Thursday, June 20, 2013
Six years ago, when Tim Steller took over the community services board that serves the Roanoke Valley's mentally ill, change was in the air.
A mass shooting at Virginia Tech by a mentally disturbed student had raised public awareness of shortcomings in the state's mental health system. Steller's agency, Blue Ridge Behavioral Healthcare, stood to benefit from more funding and resources.
Then came the recession of 2008, and with it statewide budget cuts to community-based treatment.
Steller, who will retire next week as Blue Ridge's executive director, has seen the promise of change give way to the reality of reduced state funding.
"It's sort of a mixed picture," he said Wednesday.
"In one sense the community is very fortunate to have a wide array of public and private services" for people like the ones served by Blue Ridge - those who cope with mental illness, substance abuse and intellectual disabilities.
"On the other hand," he added, "our capacity is still no where near what it should be."
All too often, he said, people who seek help from the agency are referred elsewhere because of limited resources.

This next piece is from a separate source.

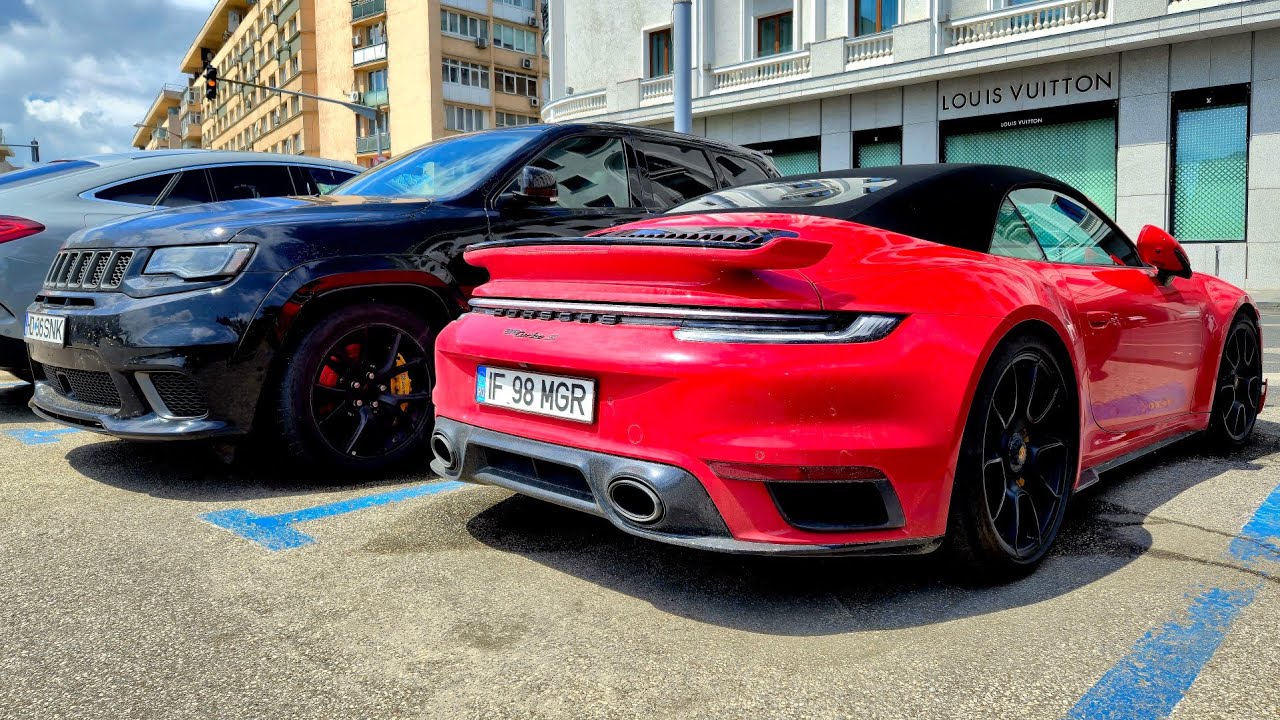 Porsche 911 Turbo S | Jeep Cherokee Track Hawk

Blue Ridge operates on an annual budget of $26 million. It has about 350 employees to serve an area that includes the cities of Roanoke and Salem and the counties of Botetourt, Craig and Roanoke.
In 2007, when Steller started his job, the annual budget was $30 million and the staff exceeded 400.
As one of 40 community services boards in Virginia, Blue Ridge works under contract with the state Department of Behavioral Health and Developmental Services.
Its funding comes from the state and local governments, federal and private grants, and reimbursement from federal agencies, client insurers and private payments.
Steller, 65, will step down at the end of the month. "At my age I still have good health, and I wanted to be able to enjoy it," he said.
After leading a similar agency in Wisconsin for 16 years, Steller came to Roanoke in 2007 with plans to spend his retirement in the area.
His involvement in community-based treatment goes beyond his work at Blue Ridge. Steller has served on the boards of Mental Health America of Roanoke Valley and the local chapter of the National Alliance on Mental Illness.
"He's been good to work with, and is very open to suggestions from advocacy organizations," said Diane Kelly of Mental Health America.
After Steller's departure, Marlene Bryant, Blue Ridge's director of business and financial services, will serve as interim executive director.
At least three applicants for the top job, all from out of state, are currently being considered by the agency's board of directors.
Even with funding shortfalls, Steller has "worked really hard to maximize the use of resources" at Blue Ridge, Kelly said.
During the last fiscal year, about 7,700 people found help from the agency, which has locations on Brandon Avenue, Elm Avenue, Hollins Road, Liberty Road and McDowell Avenue.
Yet Steller said he "takes no pride at all" in some of the statistics.
According to an internal report from last fall, of the nearly 300 people who sought help in September and October, only about 30 percent were admitted for the outpatient treatment provided by the agency.
The rest were referred to other support groups.
"The community is very fortunate to have what we have," Steller said. "But we need more."